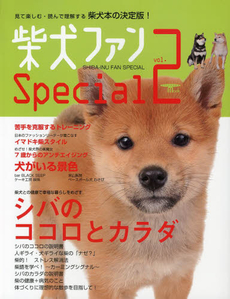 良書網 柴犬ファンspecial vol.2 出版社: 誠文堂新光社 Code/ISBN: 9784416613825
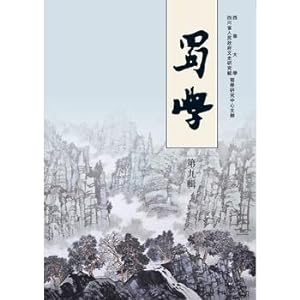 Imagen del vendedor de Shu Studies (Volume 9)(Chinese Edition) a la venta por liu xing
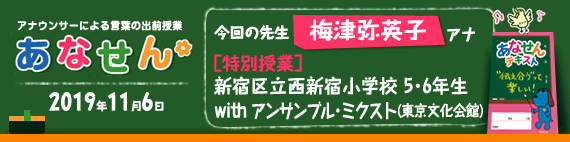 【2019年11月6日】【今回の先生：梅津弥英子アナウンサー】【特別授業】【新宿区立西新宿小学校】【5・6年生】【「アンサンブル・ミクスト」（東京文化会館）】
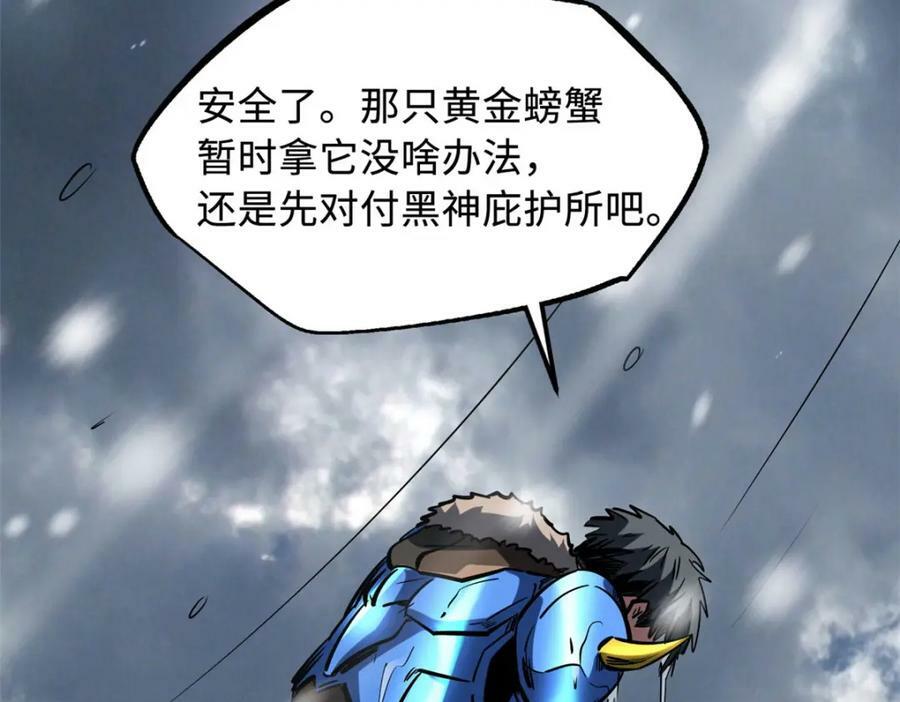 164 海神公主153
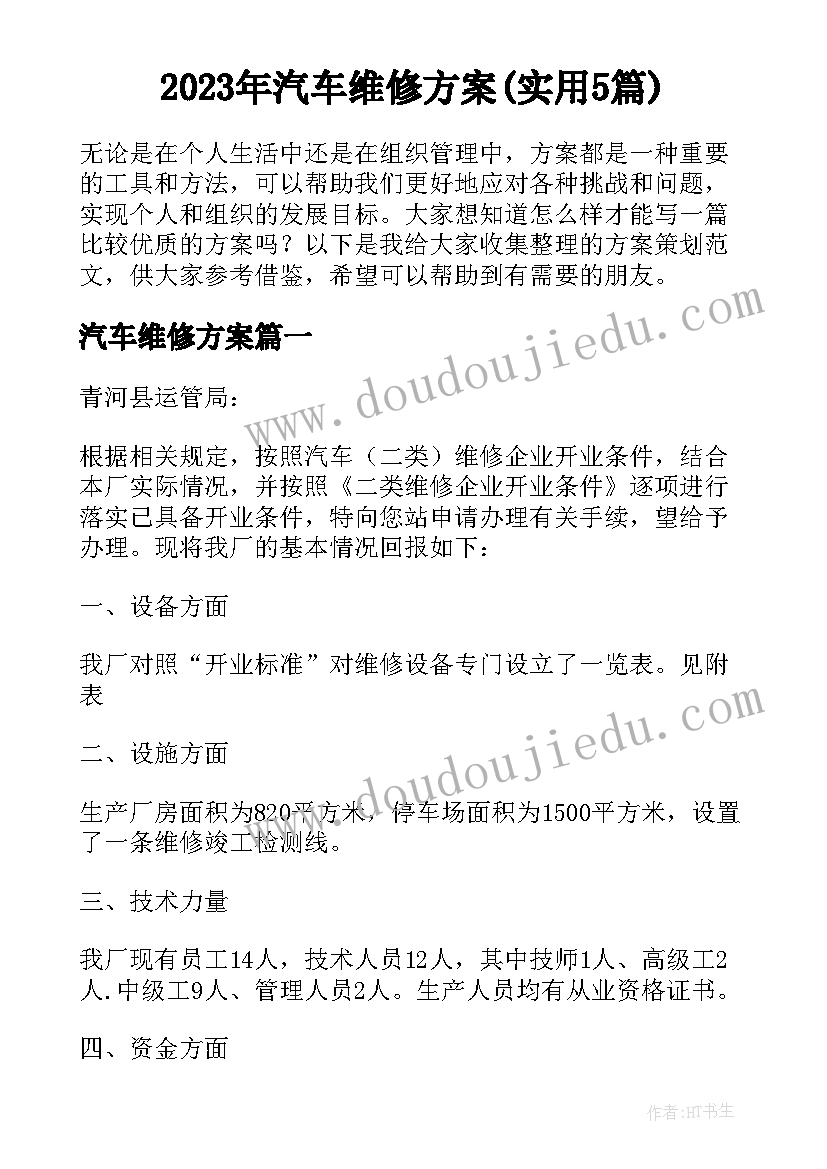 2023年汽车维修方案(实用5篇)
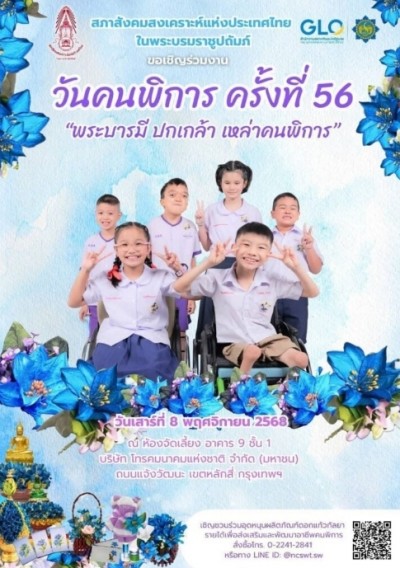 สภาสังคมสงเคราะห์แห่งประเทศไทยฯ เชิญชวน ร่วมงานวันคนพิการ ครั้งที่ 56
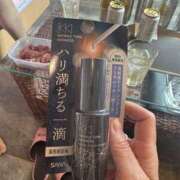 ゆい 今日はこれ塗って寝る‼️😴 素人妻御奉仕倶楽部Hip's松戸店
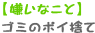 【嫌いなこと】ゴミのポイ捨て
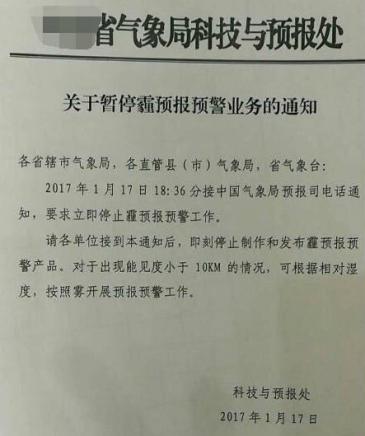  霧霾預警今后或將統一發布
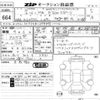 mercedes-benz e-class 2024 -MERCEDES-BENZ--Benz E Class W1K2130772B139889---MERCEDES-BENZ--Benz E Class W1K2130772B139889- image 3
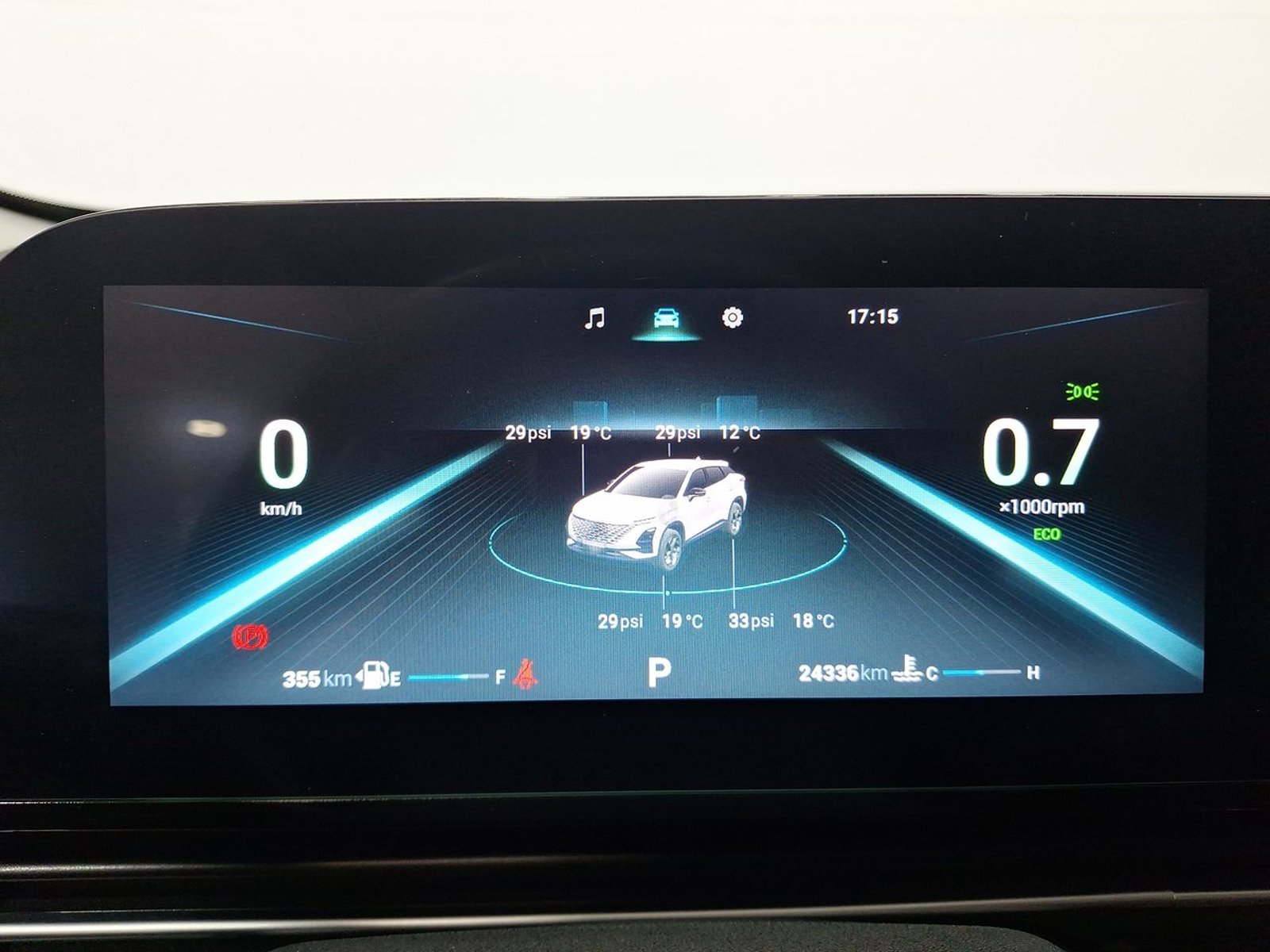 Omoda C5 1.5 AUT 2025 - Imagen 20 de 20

WHAT TO PRODUCE: What you should produce is an exact copy of the records, with the pictures left out.

RESPONSE BELOW:
 良書網 柴犬ファンspecial vol.2 出版社: 誠文堂新光社 Code/ISBN: 9784416613825
 Imagen del vendedor de Shu Studies (Volume 9)(Chinese Edition) a la venta por liu xing
 【2019年11月6日】【今回の先生：梅津弥英子アナウンサー】【特別授業】【新宿区立西新宿小学校】【5・6年生】【「アンサンブル・ミクスト」（東京文化会館）】
 164 海神公主153
 2023年汽车维修方案(实用5篇)
 สภาสังคมสงเคราะห์แห่งประเทศไทยฯ เชิญชวน ร่วมงานวันคนพิการ ครั้งที่ 56
 ゆい 今日はこれ塗って寝る‼️😴 素人妻御奉仕倶楽部Hip's松戸店
 【嫌いなこと】ゴミのポイ捨て
  霧霾預警今后或將統一發布
 mercedes-benz e-class 2024 -MERCEDES-BENZ--Benz E Class W1K2130772B139889---MERCEDES-BENZ--Benz E Class W1K2130772B139889- image 3
 Omoda C5 1.5 AUT 2025 - Imagen 20 de 20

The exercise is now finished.